» **What the task requires**
For each entry below, please return its exact wording and leave out any picture.

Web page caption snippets

☆ ☆ ☆ ☆ ☆ ☆ ☆

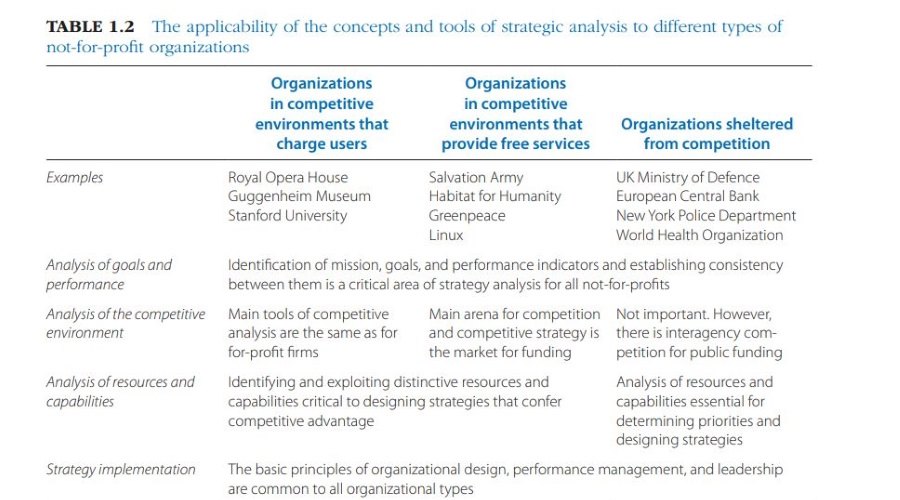 تفاوت مدیریت استراتژیک سازمان های غیرانتفاعی و انتفاعی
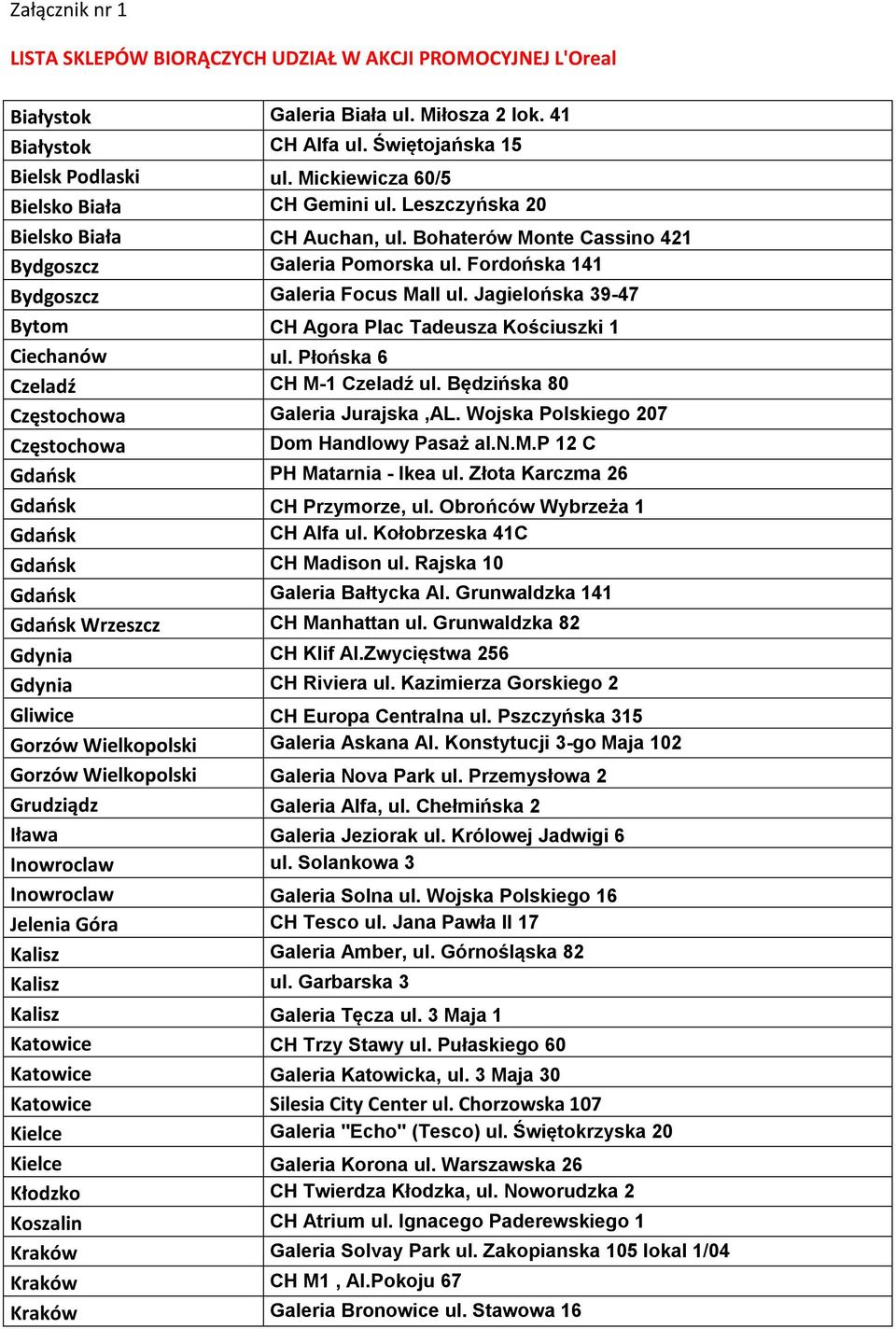 Jagielońska 39-47 Bytom CH Agora Plac Tadeusza Kościuszki 1 Ciechanów ul. Płońska 6 Czeladź CH M-1 Czeladź ul. Będzińska 80 Częstochowa Galeria Jurajska,AL.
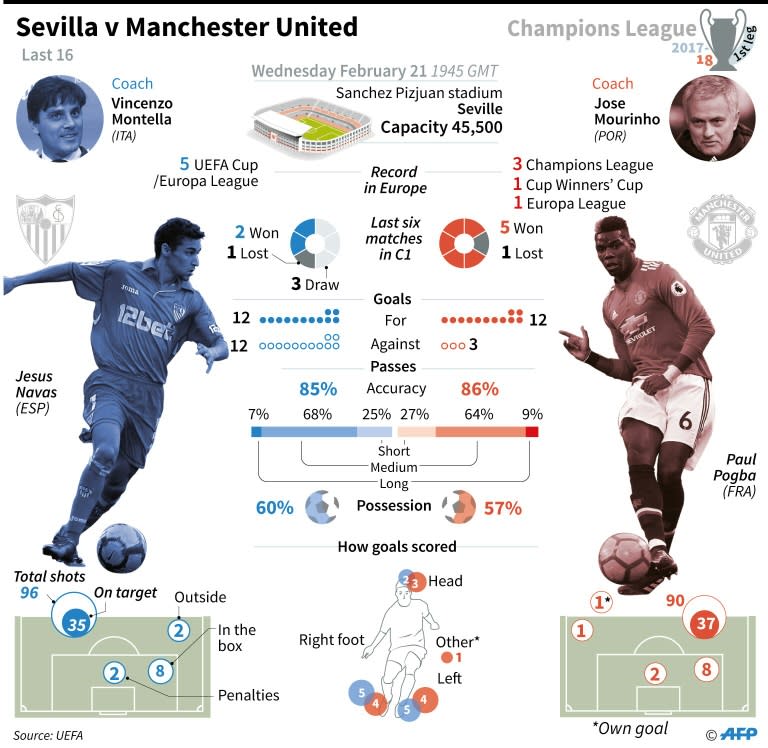 Sevilla v Manchester United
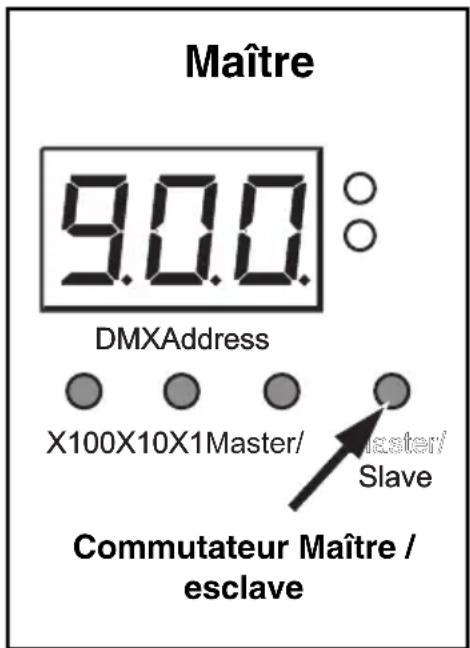 MARTIN Mania SCX500 - Configuration des mania SCX500 en mode maître/esclave - 1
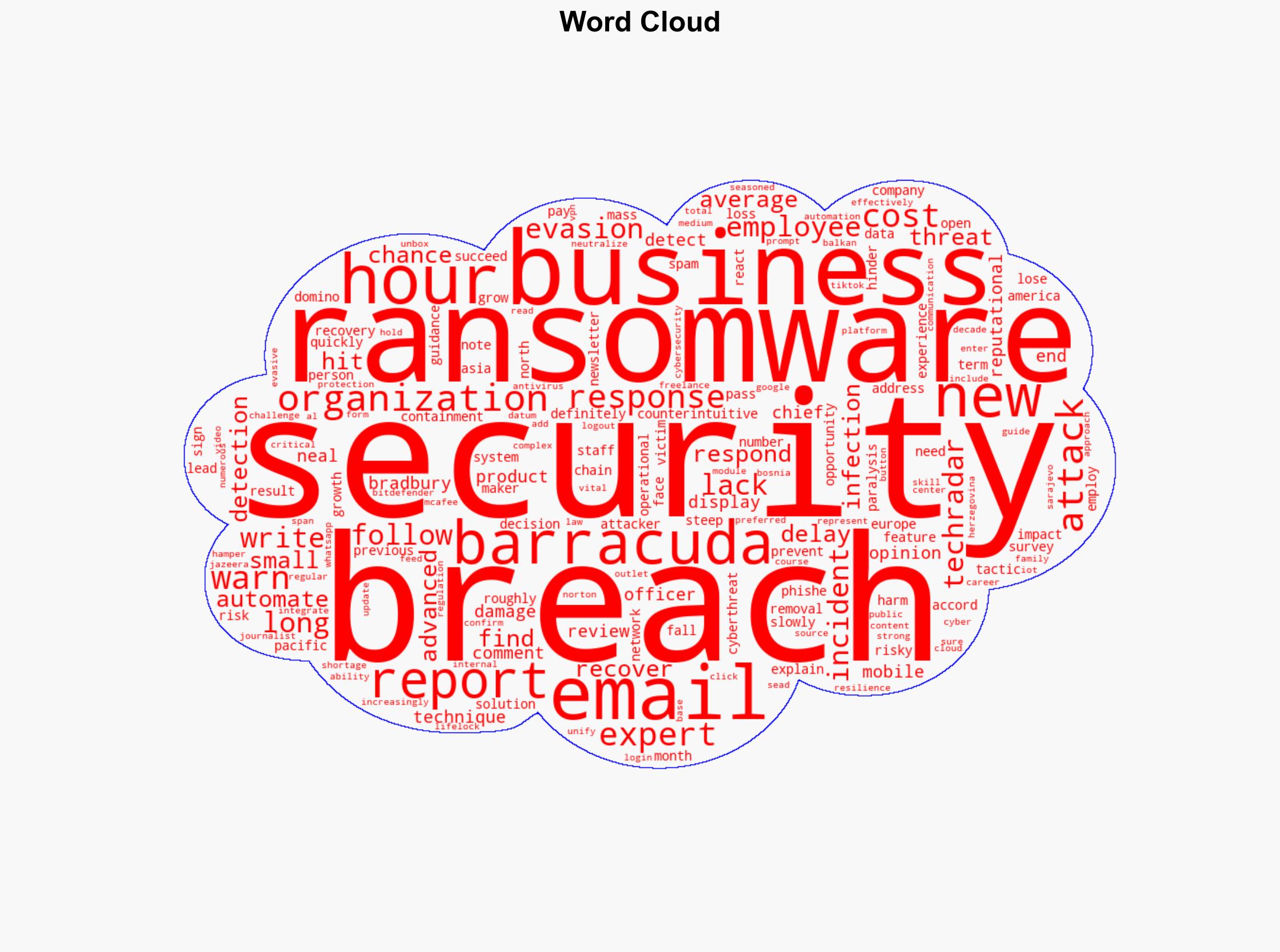 Reacting slowly to a security breach opens up your business to more threats report warns - TechRadar - Image 1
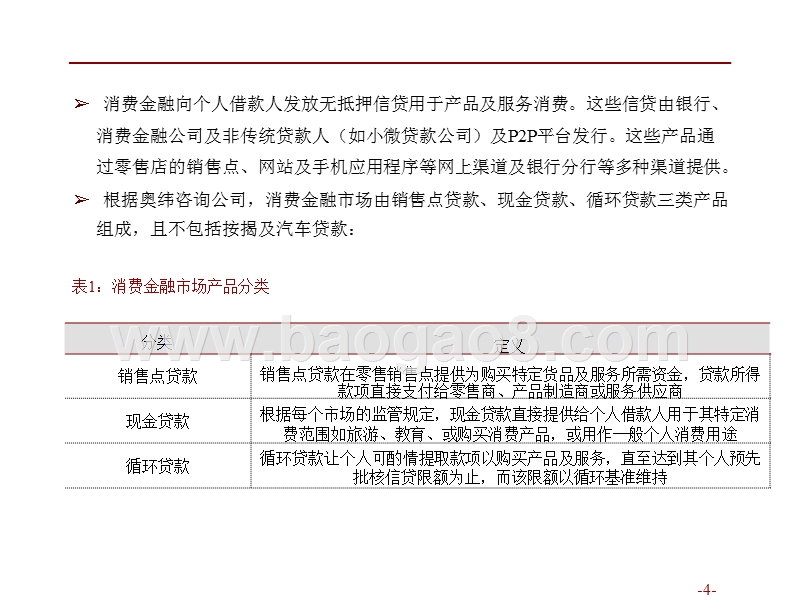 新兴消费金融市场捷信分析报告.pptx_第4页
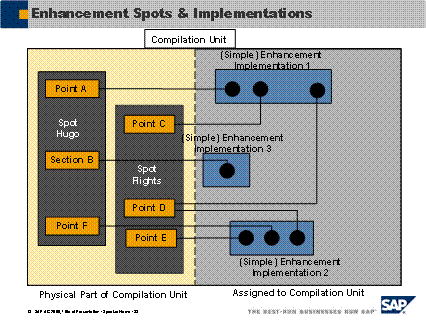 This graphic is explained in the accompanying text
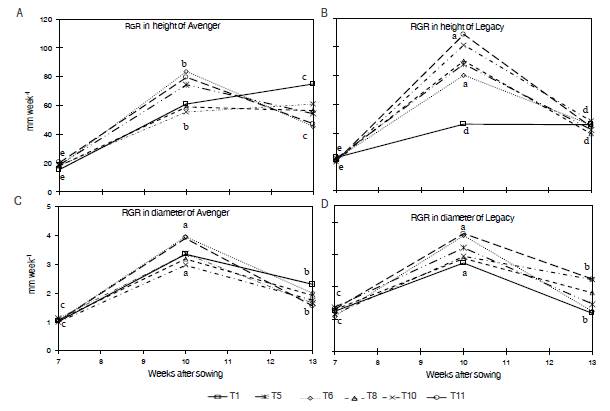 A. Relative Growth Rates in height (RGR-Height) and diameter (RGR-Diameter) of Avenger and Legacy. Values with the same letter do not present significant statistical differences by variable, between treatments and DAS (t-Test, P>0.05). C. I. La Selva, Rionegro (Antioquia), 2014-B.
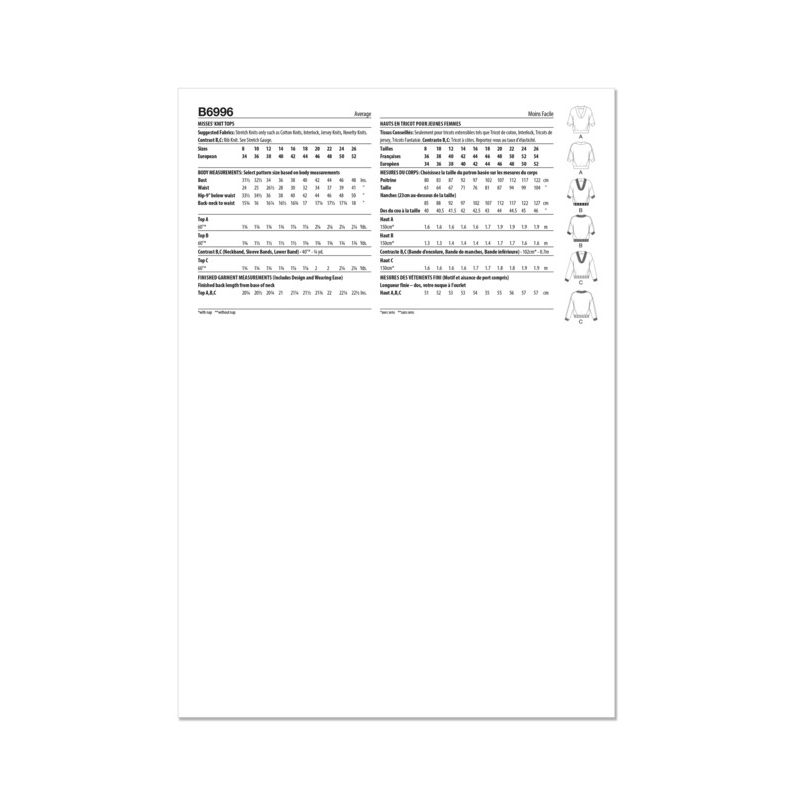 Patron Butterick 6996/K5 - Hauts amples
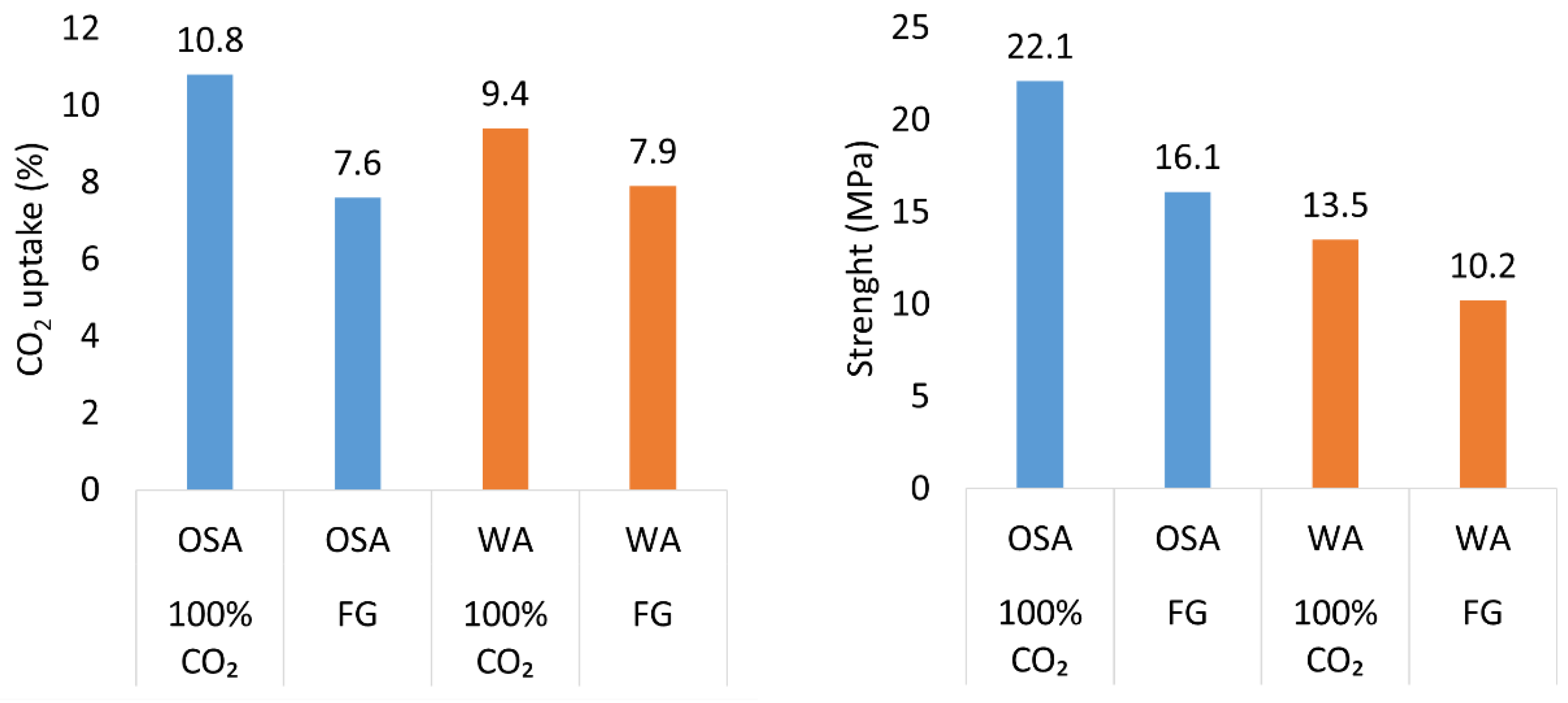 Minerals 12 00513 g010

☆ ☆ ☆ ☆ ☆ ☆ ☆

» **Answer section**
 تفاوت مدیریت استراتژیک سازمان های غیرانتفاعی و انتفاعی
 Jagielońska 39-47 Bytom CH Agora Plac Tadeusza Kościuszki 1 Ciechanów ul. Płońska 6 Czeladź CH M-1 Czeladź ul. Będzińska 80 Częstochowa Galeria Jurajska,AL.
 Sevilla v Manchester United
 MARTIN Mania SCX500 - Configuration des mania SCX500 en mode maître/esclave - 1
 Reacting slowly to a security breach opens up your business to more threats report warns - TechRadar - Image 1
 新兴消费金融市场捷信分析报告.pptx_第4页
 This graphic is explained in the accompanying text
 A. Relative Growth Rates in height (RGR-Height) and diameter (RGR-Diameter) of Avenger and Legacy. Values with the same letter do not present significant statistical differences by variable, between treatments and DAS (t-Test, P>0.05). C. I. La Selva, Rionegro (Antioquia), 2014-B.
 Patron Butterick 6996/K5 - Hauts amples
 Minerals 12 00513 g010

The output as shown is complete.